The Anusara Sadhana:  The Universal Principles of Alignment for Pregnancy

Written by Jessica Jennings

After my Anusara teacher training in 2000, I was asked to teach a prenatal yoga class for the first time.

I panicked. I knew nothing about pregnancy (except the basics of course), and I had only taken a weekend training with lots of do’s and don’ts, and lists of poses.

But I was so filled with inspiration from the goddess-based philosophy I was studying that I figured I would just spew it at them.

I gushed to my students about their perfect fullness (purnatva).

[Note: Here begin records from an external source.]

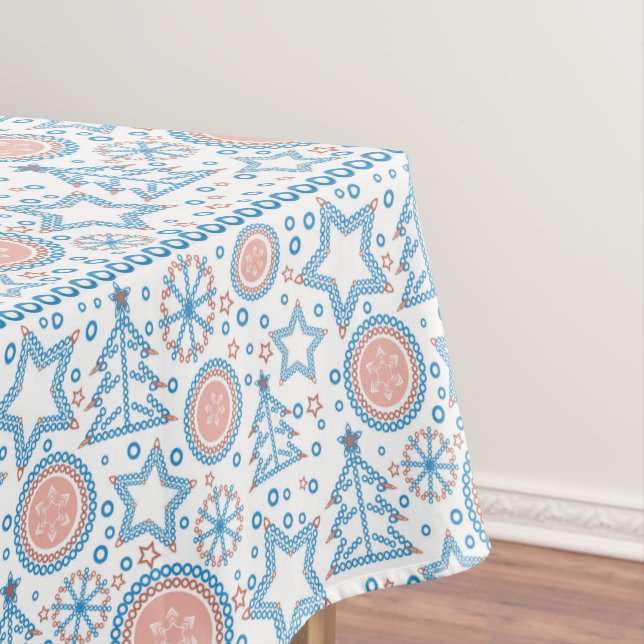 Weihnachten Tischdecke (Beispiel)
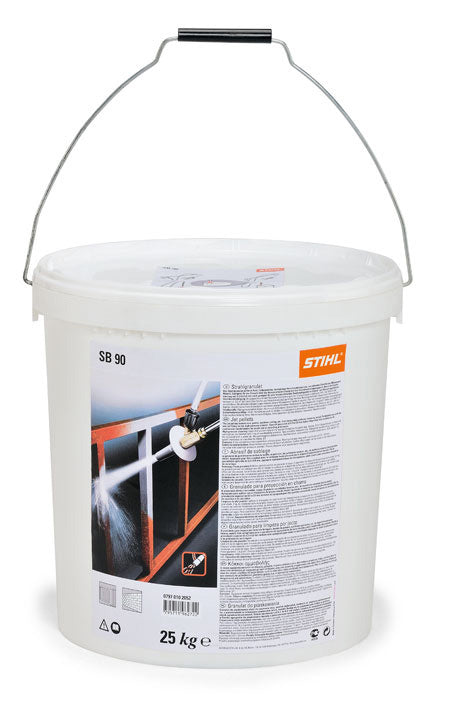 STIHL SB 90 Blasting Granulate | Wet Sandblasting Pressure Washers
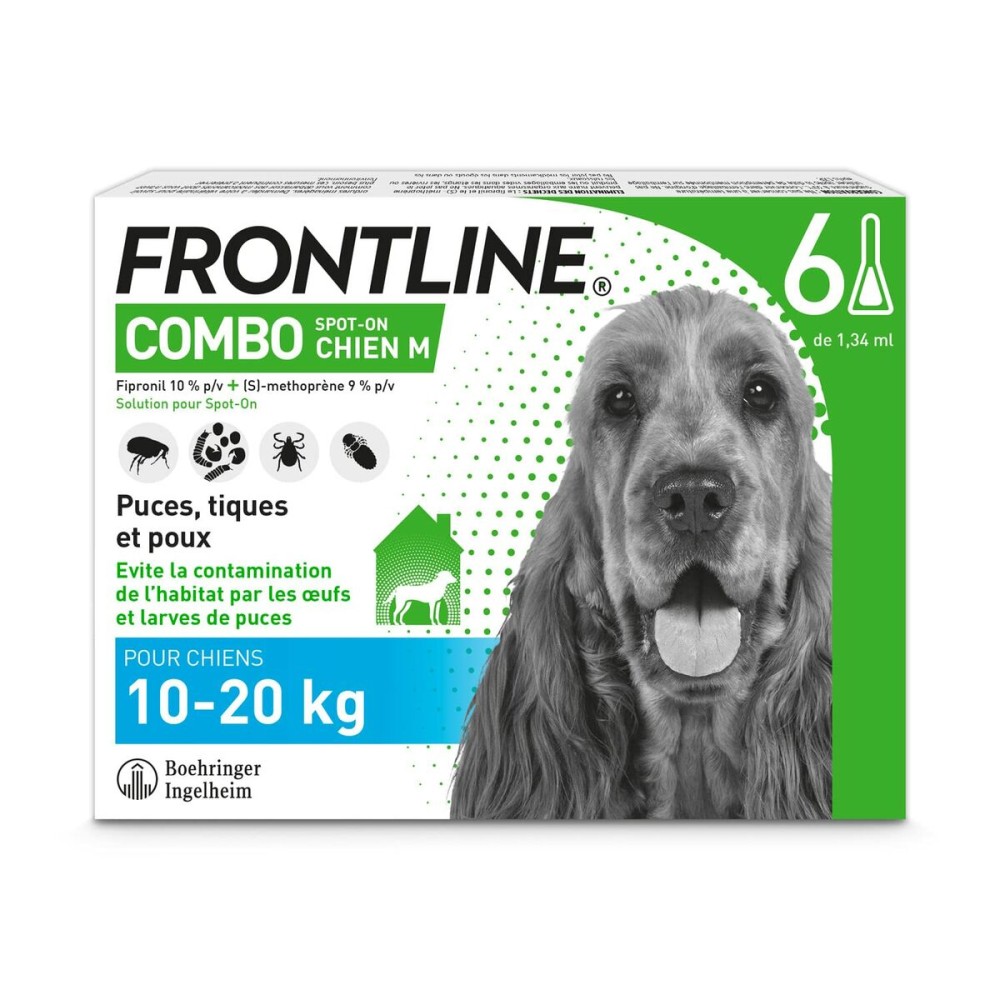 Αντιπαρασιτικά Frontline Σκύλος 10-20 Kg 1,34 ml x6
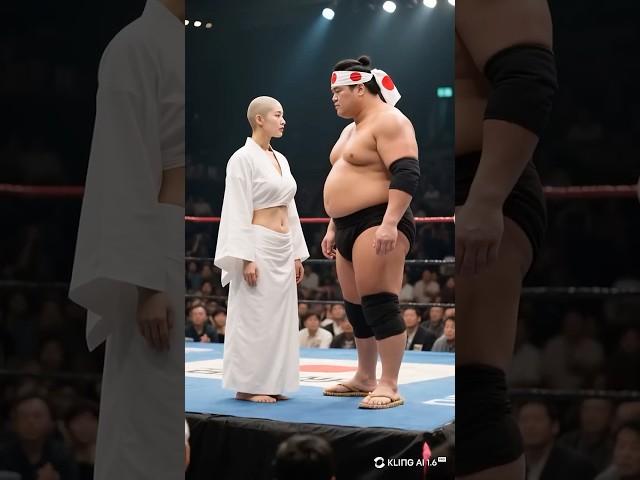 Chinese Kung Fu Master vs Japanese Sumo Titan – Skill vs Mass! #KungFu #kungfumaster #china #wushu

I told them that they were all beautiful, unique expressions of the Divine, that they only need to listen to the wisdom within, and that pregnancy was a transformative dance to enjoy.

And, well… they looked at me like I was nuts.

It turns out my pregnant students had a new ache or pain not just every day… They weren’t sleeping well because it was hard to find a comfortable position. and they had to get up to pee all the time… and all of their joints were weakened because of the pregnancy hormones.

Beyond Therapeutics

As an alignment geek, I decided to focus on therapeutics in class. We addressed the Universal Principles of Alignment to relieve wrist pain, back pain and knee pain to anxiety and stress.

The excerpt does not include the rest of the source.